Six jets from Amberley-based 6SQN took part in a farewell flight over southern Queensland on November 23, the unit’s last flight with the Super Hornet before handing over the aircraft to sister unit 1 Squadron.
6 Squadron will now focus entirely on introducing the Growler into service in 2017 ahead of initial operating capability with the aircraft in 2018.
“We’ve started building up our Growler capability. There’s no better time to be here,” commanding officer 6SQN WGCDR Hinton Tayloe told Air Force News.
“I’m incredibly proud that 6SQN will operate the Growler for Air Force.”
1SQN, meanwhile, will now operate all 24 of the RAAF’s Super Hornets, with 6SQN’s Super Hornet aircrew training role now shared between 1SQN and the US Navy.
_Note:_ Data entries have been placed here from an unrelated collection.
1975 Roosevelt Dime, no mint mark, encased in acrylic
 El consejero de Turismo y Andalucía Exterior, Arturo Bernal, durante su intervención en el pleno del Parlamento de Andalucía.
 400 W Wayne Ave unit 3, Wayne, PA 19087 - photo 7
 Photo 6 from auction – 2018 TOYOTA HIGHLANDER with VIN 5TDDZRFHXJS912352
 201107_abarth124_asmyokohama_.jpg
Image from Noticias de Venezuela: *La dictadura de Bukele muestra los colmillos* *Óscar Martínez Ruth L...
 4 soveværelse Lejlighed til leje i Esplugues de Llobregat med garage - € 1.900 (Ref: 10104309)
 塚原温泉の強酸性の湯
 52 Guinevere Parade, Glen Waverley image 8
Operational conversion of Super Hornet pilots and air combat officers will now be undertaken by the US Navy, while the newly-enlarged 1SQN’s C Flight will conduct operational transition (Optrans) training where aircrew who have completed the USN Super Hornet conversion are trained in RAAF processes and procedures.
“The USN offers an outstanding product, but there are some differences between their systems and ours and we need to make sure it’s all standardised,” the commanding officer of 1SQN told Australian Aviation’s December issue.
“We have the option and capability to do the full operational conversion as well, which 6SQN does, but we don’t expect to do so on a regular basis, because the USN will do the majority of that work. For us, the workload and risk are getting reduced because the USN is doing the majority of our ab initio conversion to aircraft type.”